At the National Inventors Hall of Fame® (NIHF) we have the privilege of honoring some of the world’s greatest innovators — our NIHF Inductees. To celebrate Asian/Pacific American Heritage Month, we invite you to learn about a few Inductees whose inventions have improved the health and medical outcomes of people around the world!
Each year, unsafe water sources account for over 1 million deaths worldwide. To help address this problem, physicist Ashok Gadgil developed a water disinfecting device that uses UV light to kill harmful pathogens. Using just 60 watts of electricity, the device is able to provide safe and affordable drinking water for 2,000 people each day. Gadgil also invented the Berkeley-Darfur stove, an energy-efficient stove that has significantly reduced the fuel demands of hundreds of thousands of people living in Sudan and Ethiopia, as well as millions within displacement camps within Darfur.
While working as a chemist at 3M Oral Care, Sumita Mitra invented the first dental filling material to include nanoparticles. This new material, Filtek™ Supreme Universal Restorative, offered a significant improvement over existing dental composites with better polish retention, superior strength and the ability to mimic the natural beauty of teeth. The special properties of this material allow it to be used for teeth in any area of the mouth. Since its launch in 2002, 3M has continued to improve the technology, which to this day has been used in over 1 billion restorations worldwide.
In 1981, Rangaswamy Srinivasan made the groundbreaking discovery that an ultraviolet excimer laser had the ability to etch living tissue in such a way as to avoid thermally damaging surrounding areas. He named this phenomenon Ablative Photodecomposition (ADP) and in 1983, he collaborated with an ophthalmic surgeon to develop ADP to etch the cornea.

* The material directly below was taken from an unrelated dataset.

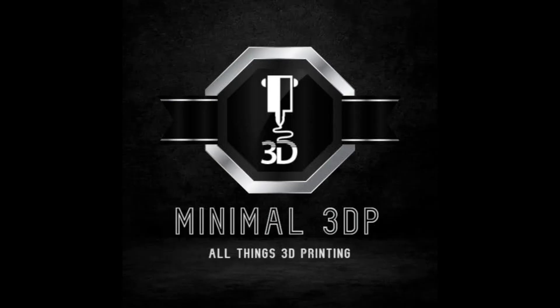Hi, this is Mike from Minimal 3DP, and today I'm going to try to answer a viewer question, and I'm hoping I've selected the right project. So let's go ahead and get started.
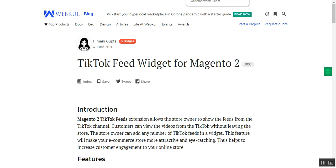Welcome to this video tutorial on the TikTok Feed Widget for the Magento 2 platform. Today I'll be showing you how TikTok videos and feeds can be displayed at the Magento 2 webstore frontend, the widget configuration required for adding the widget to different pages, and how the admin can add multiple TikTok URLs and configure different settings from the admin backend panel.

This procedure would later evolve into a method to correct vision known as laser-assisted in situ keratomileusis, or LASIK surgery. Since the introduction of this technique, millions of people have benefited from its ability to reduce their dependence on corrective lenses.
As a professor at the University of California, Los Angeles (UCLA), Paul Terasaki invented a tissue-typing test that became the international standard for matching potential organ donors with those in need. For decades, the procedure that Terasaki pioneered for matching kidney, heart, liver, pancreas, lung and bone donors and recipients existed as the standard HLA antibody screening method. Additionally, he founded the first kidney transport registry and developed a cold storage solution for preservation during shipping, which revolutionized the field of transplantation science.